* Data to use:
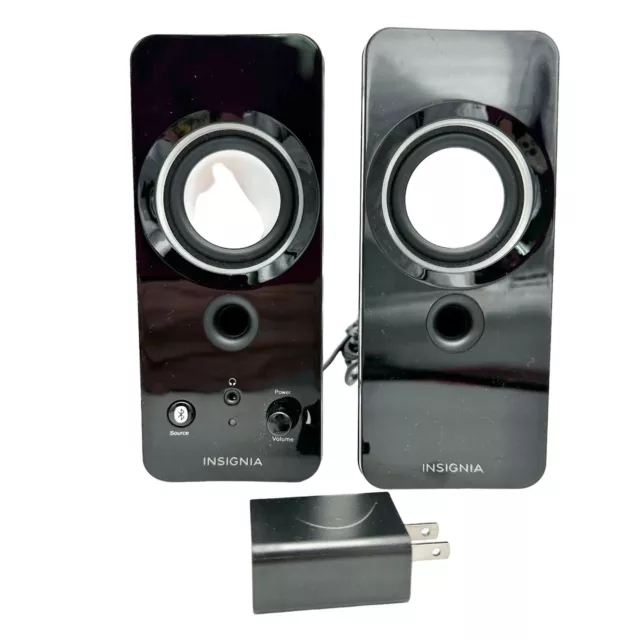 Insignia Stereo Speaker System with Bluetooth 7.5 x 4 Black Model NS-2810BT
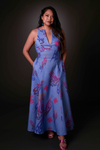 Marissa Dress (Long) - Hummingbird Linen [Lilac]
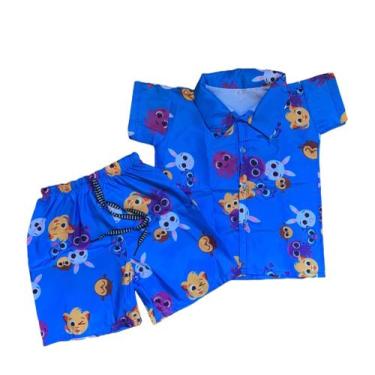 Imagem de Conjunto Infantil Menino Mauricinho Bolofofo Azul - Top Baby Br, 2 Ano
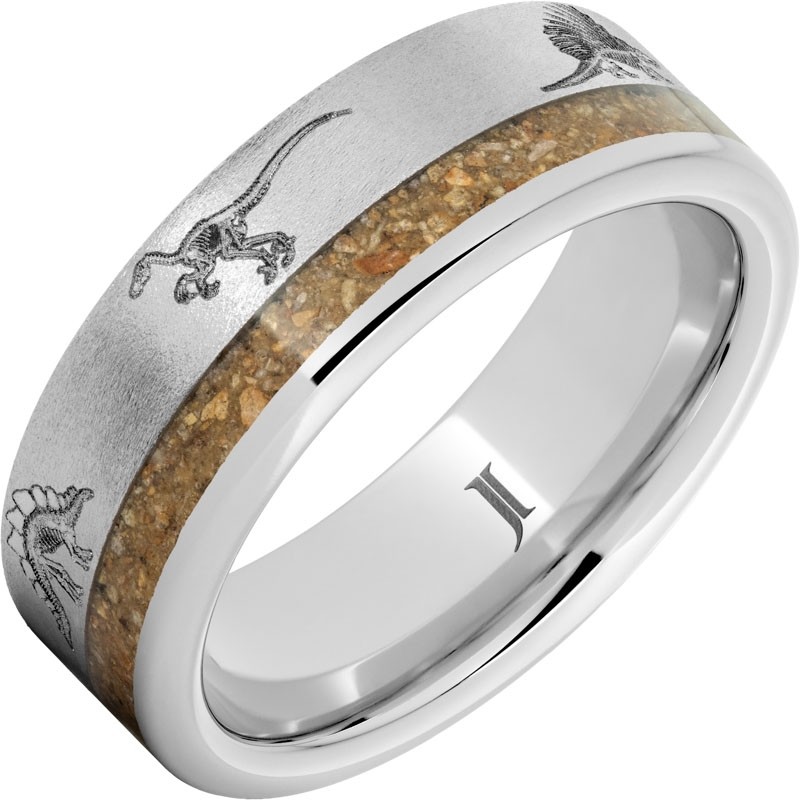 Dinosaur Skeleton Serinium&reg; Ring with Dinosaur Fossil Inlay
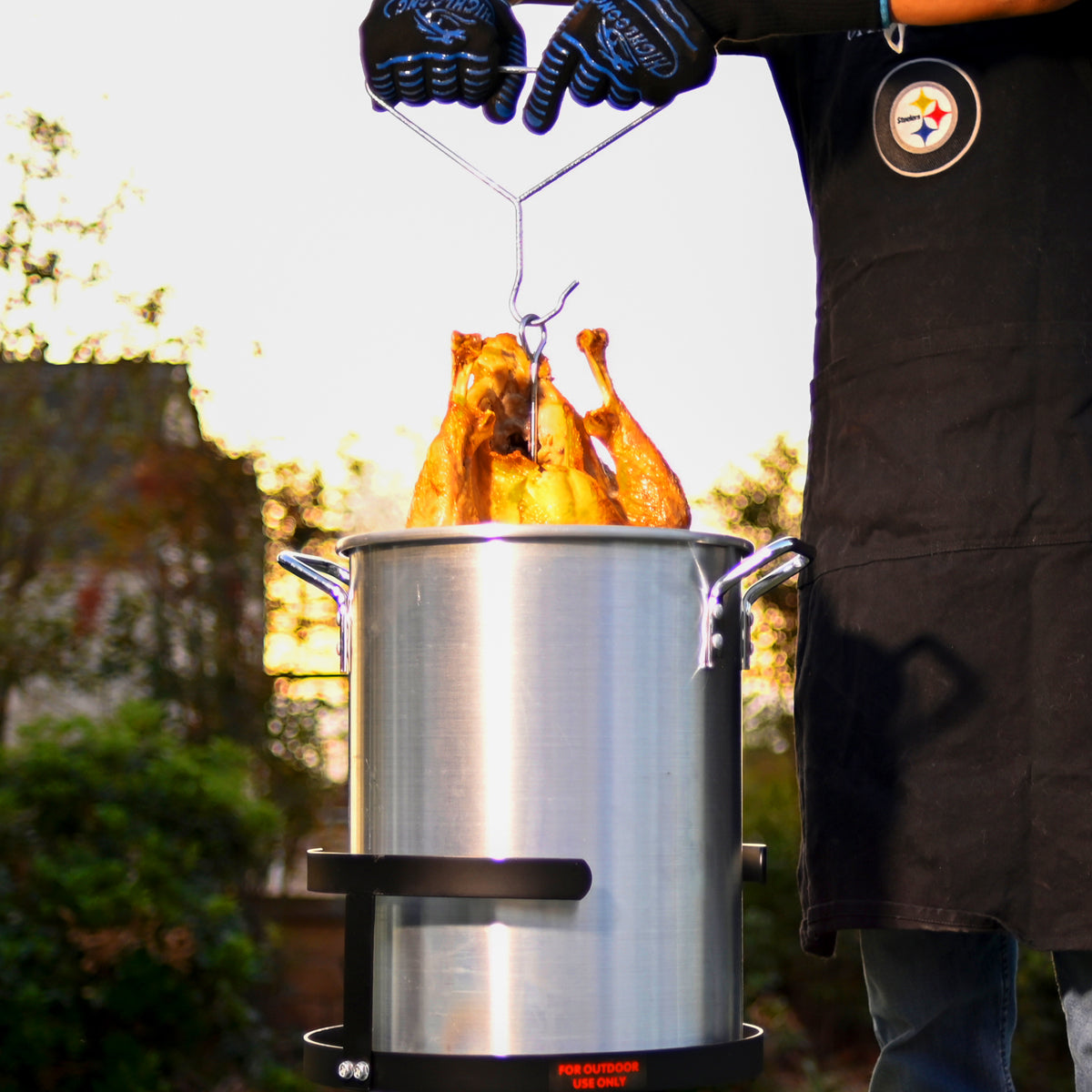 Barton 99905 52qt Turkey Deep Fryer W High Pressure Burner All Purpose Aluminum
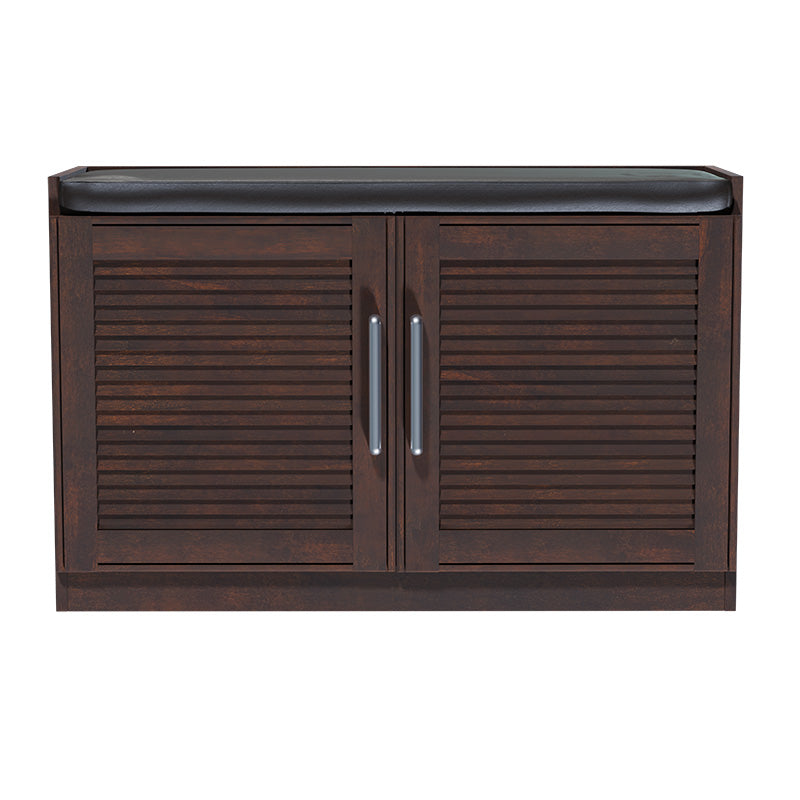 Dulap pantofi cu banca Crispy  94x34.5x60cm - Nuc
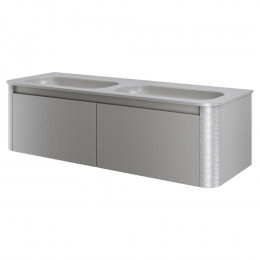 Тумба с раковиной VOI 140CM STONEFINISH LUNA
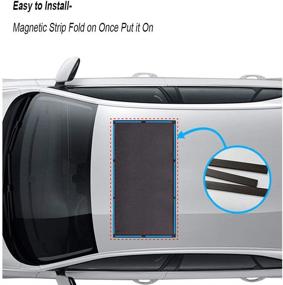 img 2 attached to 🚗 Premium Magnetic Car Sunroof Sun Shade: Breathable Mesh for Camping, Quick Install, UV Sun Protection - Ideal for Parking on Trips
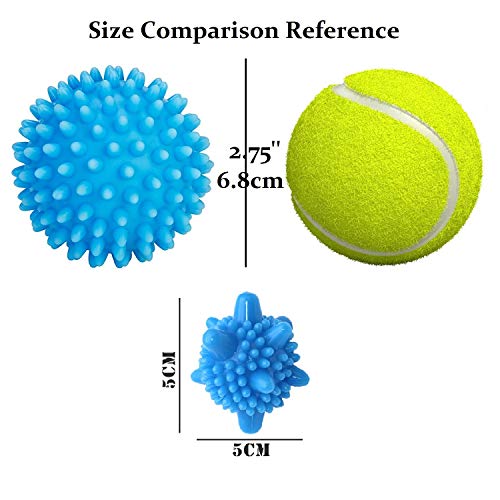 Laundry Dryer Balls Non-Toxic Reusable 18 Pack Cloths Soft Fluffy Anti-Wrinkl...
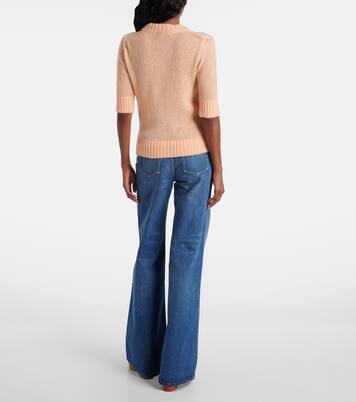 Logo alpaca and silk sweater | Chloé
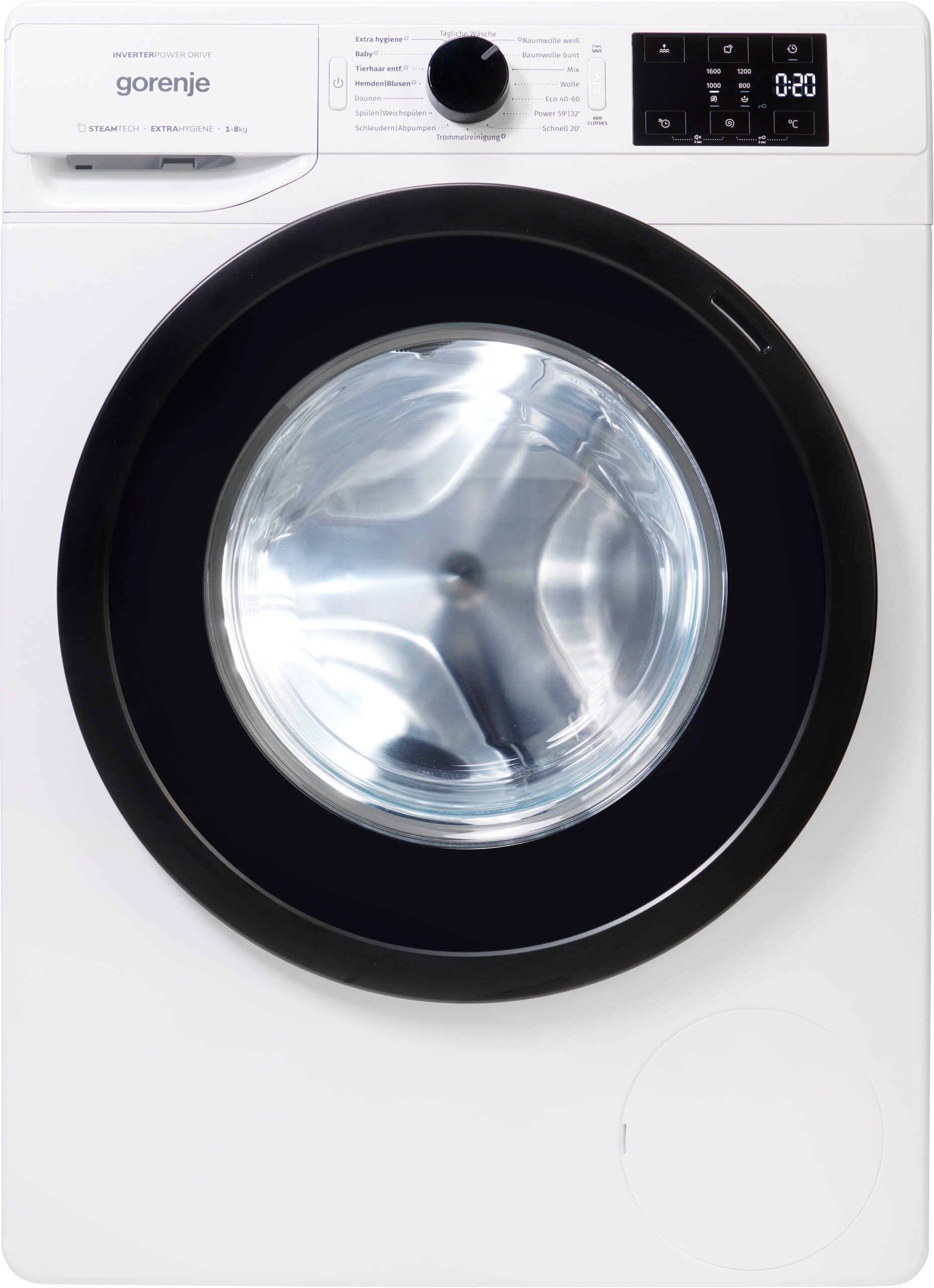 GORENJE Waschmaschine WNEI86APS, 8 kg, 1600 U/min – Bild 3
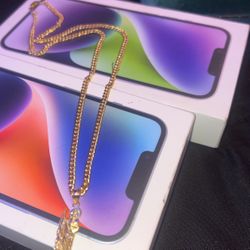 10k And 14k Gold Necklaces 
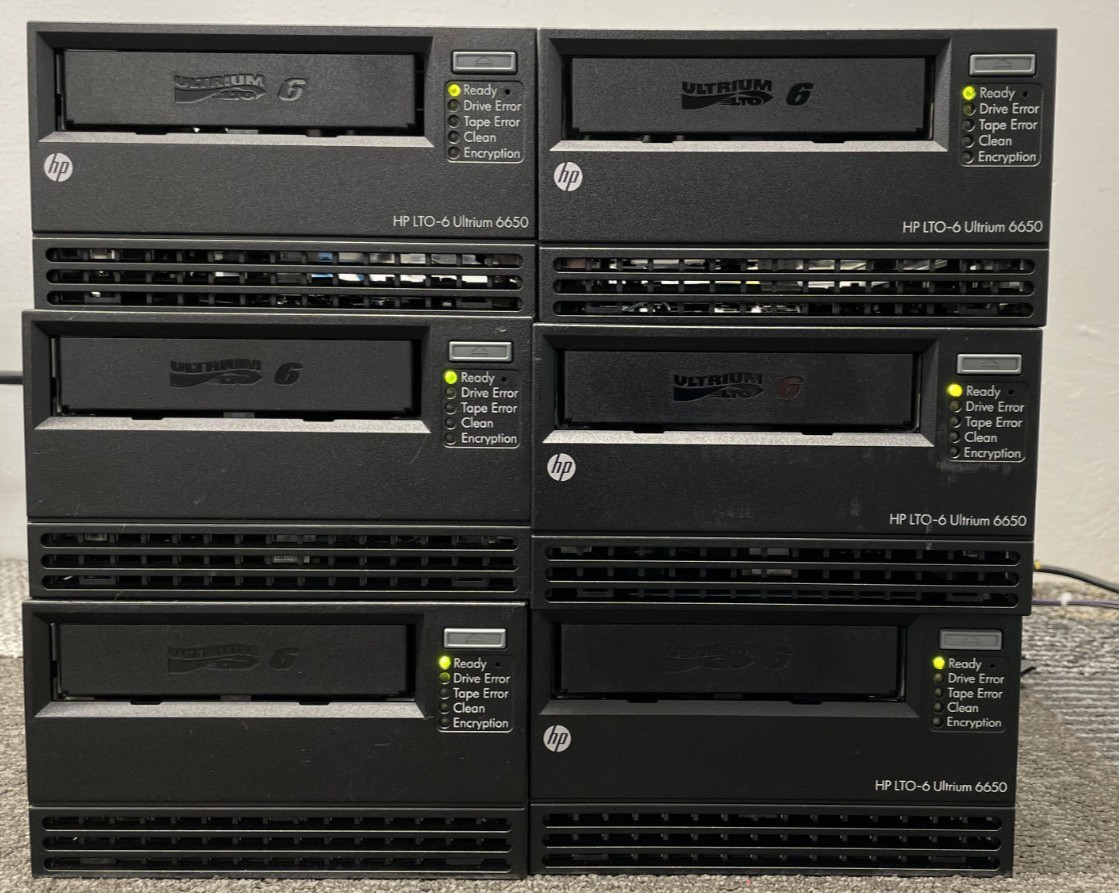 *Lot of 6* HP LTO6 EH963A 6.25TB Internal LTO Ultrium 6650 Tape Drive 684883-001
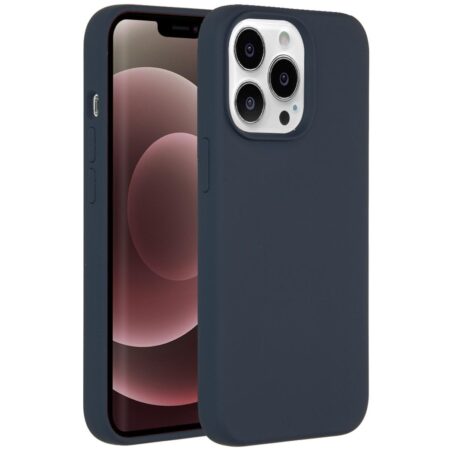 Accezz Liquid Silicone voor Apple iPhone 13 Pro Max Telefoonhoesje Blauw | Accezz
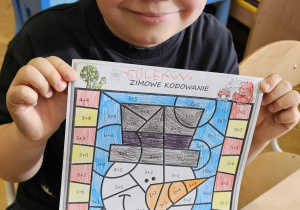 „Zima pełna magii” – projekt edukacyjny w gr. IV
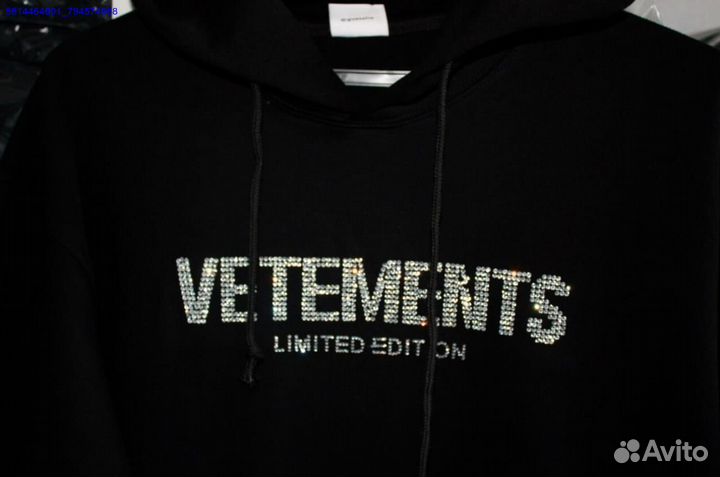 Худи Vetements со стразами vhq (Арт.52679)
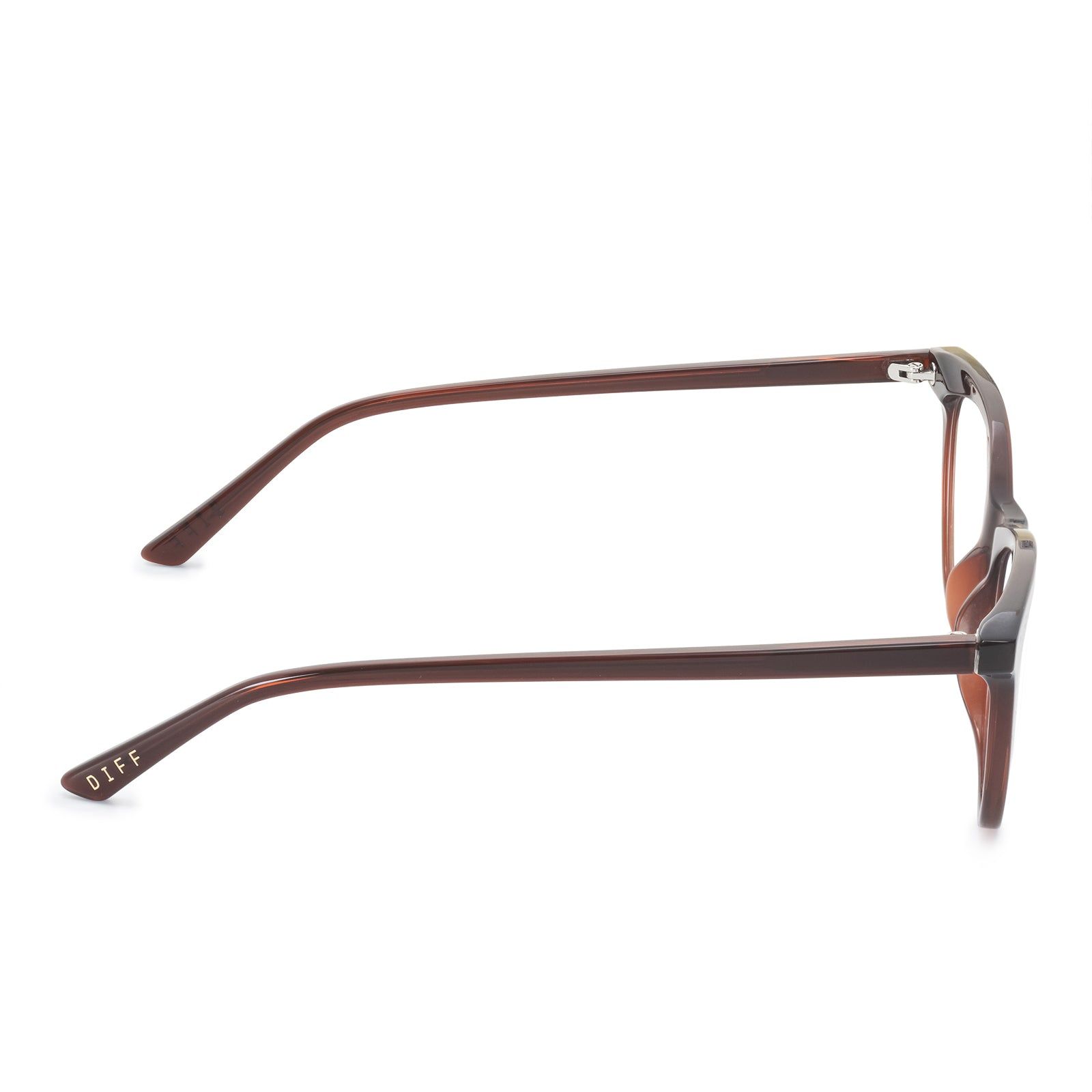 JADE - CHESTNUT CRYSTAL + PRESCRIPTION GLASSES sold by Diff Eyewear product image thumbnail 4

* Work item:
Omit each picture, then return all of the listing exactly as it stands.

* Result of this exercise:
 Insignia Stereo Speaker System with Bluetooth 7.5 x 4 Black Model NS-2810BT
 Marissa Dress (Long) - Hummingbird Linen [Lilac]
 Imagem de Conjunto Infantil Menino Mauricinho Bolofofo Azul - Top Baby Br, 2 Ano
 Dinosaur Skeleton Serinium&reg; Ring with Dinosaur Fossil Inlay
 Barton 99905 52qt Turkey Deep Fryer W High Pressure Burner All Purpose Aluminum
 Dulap pantofi cu banca Crispy  94x34.5x60cm - Nuc
 Тумба с раковиной VOI 140CM STONEFINISH LUNA
 img 2 attached to 🚗 Premium Magnetic Car Sunroof Sun Shade: Breathable Mesh for Camping, Quick Install, UV Sun Protection - Ideal for Parking on Trips
 Laundry Dryer Balls Non-Toxic Reusable 18 Pack Cloths Soft Fluffy Anti-Wrinkl...
 Logo alpaca and silk sweater | Chloé
 GORENJE Waschmaschine WNEI86APS, 8 kg, 1600 U/min – Bild 3
 10k And 14k Gold Necklaces 
 *Lot of 6* HP LTO6 EH963A 6.25TB Internal LTO Ultrium 6650 Tape Drive 684883-001
 Accezz Liquid Silicone voor Apple iPhone 13 Pro Max Telefoonhoesje Blauw | Accezz
 „Zima pełna magii” – projekt edukacyjny w gr. IV
 Худи Vetements со стразами vhq (Арт.52679)
 JADE - CHESTNUT CRYSTAL + PRESCRIPTION GLASSES sold by Diff Eyewear product image thumbnail 4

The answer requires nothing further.